HBL and other banks are helping Naphda in two subsidised housing projects in Lahore and Islamabad. There is no Naphda-approved scheme in Sindh so far, according to Mr Aurangzeb. Neither Naphda Chairman Lt Gen Anwar Ali Hyder nor Deputy Chairman Maj Gen Amer Aslam Khan responded to the repeated requests for comment.

Speaking to Dawn, economist Ammar H Khan raised doubts about the long-term viability of this initiative. “It’s impossible to find land in major cities to build homes at a price of Rs3.5m. The obstacle in setting up such schemes on city outskirts is the absence of lease,” he said in reference to suburban housing schemes like Bahria Town, which doesn’t receive home loans from any bank except the one set up by its own sponsors.
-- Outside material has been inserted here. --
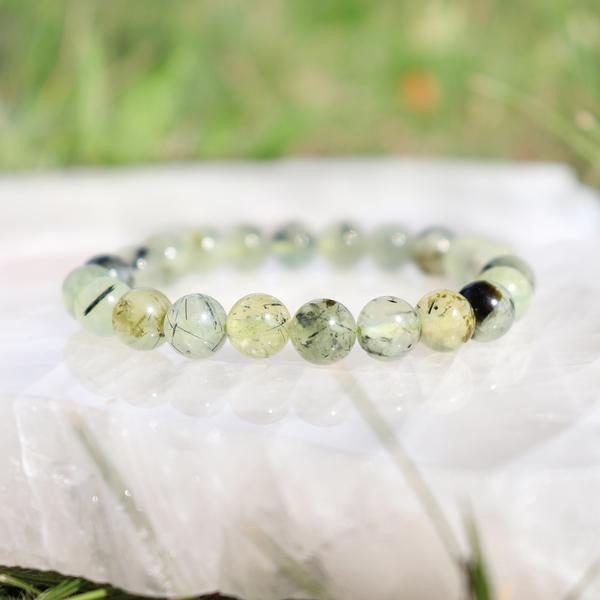 Epidote in Prehnite with Black Tourmaline Beaded Bracelet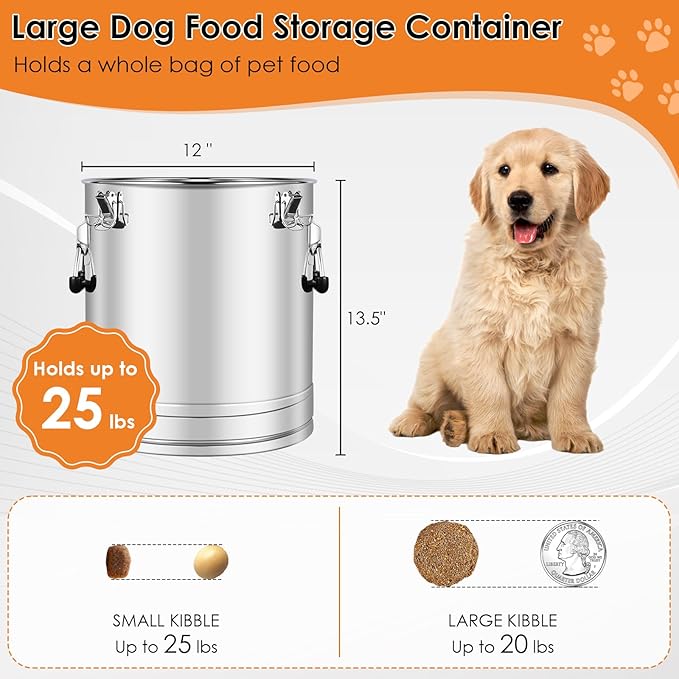 Stainless Steel Dog Food Storage Container,20LB/25LB Airtight Dog Food Storage Container with Lid to Keep Fresh,Easy Clean Large Pet Food Storage Container with Scoop for Cat Food,Chicken Feed,Rice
In addition, Mr Khan noted, builders use regular instalments from their customers as a source of liquidity. They build housing units on an incremental basis, ensuring their major expenditures coincide with the flow of instalments. Other than a few well-established names, banks won’t feel comfortable making a Rs2.7m payment to the developer of a housing society on behalf of a low-income borrower.

To address this problem, the PBA chairman said, the banking industry is scaling up its capacity to do bridge financing for developers. “Our skills are in end-user mortgage financing. Banks have hardly done any bridge or contractor financing. We’re training our corporate and investment banking people. The ideal structure will be to do project finance and its take-out is then generated from end-user mortgages. Their handshake is necessary,” he said.

Outstanding loans for construction amount to only Rs72.8bn, about 1.4pc of the total loans to private-sector businesses.

Talking to Dawn, Pakistan Institute of Development Economics Vice Chancellor Dr Nadeem ul Haque said the government should resist the temptation of subsidising housing loans for the poor. “The government should help the poor become part of the middle class. Handing out housing units to the poor won’t do them any good. At best, they’ll sell those units and move back to where they came from,” he said.

The only solution is to go for high-rise buildings in the centre of cities, he said. “A population of 220m can’t live in bungalows. You have to grow the cities vertically.”

In addition, he vehemently opposed the idea of subsidised housing finance. “There shouldn’t be any backstop guarantees. Otherwise, banks will hand out loans left, right and centre and then come to the government for a bailout. They have done that so many times and in so many countries.”